**WORK TASK**
From the line containing "彩色马蹄莲的养殖方法有哪些 彩色马蹄莲的养殖方法和注意事项" down to the line containing "Chickens and a" in the records below, reproduce every line exactly, ends included, and omit all others.

**RECORDS PROVIDED**
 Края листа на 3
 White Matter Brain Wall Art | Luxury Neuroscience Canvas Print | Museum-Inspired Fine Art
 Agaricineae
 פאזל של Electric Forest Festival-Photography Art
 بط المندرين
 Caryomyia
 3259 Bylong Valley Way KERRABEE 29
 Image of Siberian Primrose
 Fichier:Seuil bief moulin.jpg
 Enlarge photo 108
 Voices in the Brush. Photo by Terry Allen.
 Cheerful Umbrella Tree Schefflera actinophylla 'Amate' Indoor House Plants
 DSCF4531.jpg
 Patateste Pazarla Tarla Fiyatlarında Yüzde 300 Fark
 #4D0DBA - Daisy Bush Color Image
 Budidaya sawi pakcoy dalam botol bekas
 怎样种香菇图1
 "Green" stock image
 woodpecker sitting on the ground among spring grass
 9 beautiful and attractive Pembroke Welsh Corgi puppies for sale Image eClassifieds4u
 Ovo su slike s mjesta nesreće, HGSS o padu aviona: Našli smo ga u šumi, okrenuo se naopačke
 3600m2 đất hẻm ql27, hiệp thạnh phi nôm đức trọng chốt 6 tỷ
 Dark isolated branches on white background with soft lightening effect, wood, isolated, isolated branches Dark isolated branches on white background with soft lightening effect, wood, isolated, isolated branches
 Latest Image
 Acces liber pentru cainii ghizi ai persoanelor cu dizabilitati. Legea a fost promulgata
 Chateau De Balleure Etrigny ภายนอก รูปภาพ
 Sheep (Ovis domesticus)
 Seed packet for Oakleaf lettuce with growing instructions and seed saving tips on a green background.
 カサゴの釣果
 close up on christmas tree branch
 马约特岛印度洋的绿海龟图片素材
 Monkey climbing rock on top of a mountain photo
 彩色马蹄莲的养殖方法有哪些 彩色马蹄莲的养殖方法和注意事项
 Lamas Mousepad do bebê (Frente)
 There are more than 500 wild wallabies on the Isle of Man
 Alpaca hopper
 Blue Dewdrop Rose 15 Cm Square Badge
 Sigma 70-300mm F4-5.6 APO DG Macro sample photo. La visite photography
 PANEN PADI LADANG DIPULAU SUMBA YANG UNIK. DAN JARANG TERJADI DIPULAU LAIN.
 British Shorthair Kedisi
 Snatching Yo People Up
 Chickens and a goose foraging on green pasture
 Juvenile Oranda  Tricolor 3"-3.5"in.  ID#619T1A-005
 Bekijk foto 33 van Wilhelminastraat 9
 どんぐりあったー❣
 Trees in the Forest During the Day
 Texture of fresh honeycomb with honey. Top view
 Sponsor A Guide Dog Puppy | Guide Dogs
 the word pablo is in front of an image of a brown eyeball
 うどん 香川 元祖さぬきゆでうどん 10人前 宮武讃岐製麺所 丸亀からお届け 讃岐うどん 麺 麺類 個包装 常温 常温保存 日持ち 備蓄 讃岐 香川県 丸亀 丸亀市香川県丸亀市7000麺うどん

**RESPONSE BOX**
 彩色马蹄莲的养殖方法有哪些 彩色马蹄莲的养殖方法和注意事项
 Lamas Mousepad do bebê (Frente)
 There are more than 500 wild wallabies on the Isle of Man
 Alpaca hopper
 Blue Dewdrop Rose 15 Cm Square Badge
 Sigma 70-300mm F4-5.6 APO DG Macro sample photo. La visite photography
 PANEN PADI LADANG DIPULAU SUMBA YANG UNIK. DAN JARANG TERJADI DIPULAU LAIN.
 British Shorthair Kedisi
 Snatching Yo People Up
 Chickens and a goose foraging on green pasture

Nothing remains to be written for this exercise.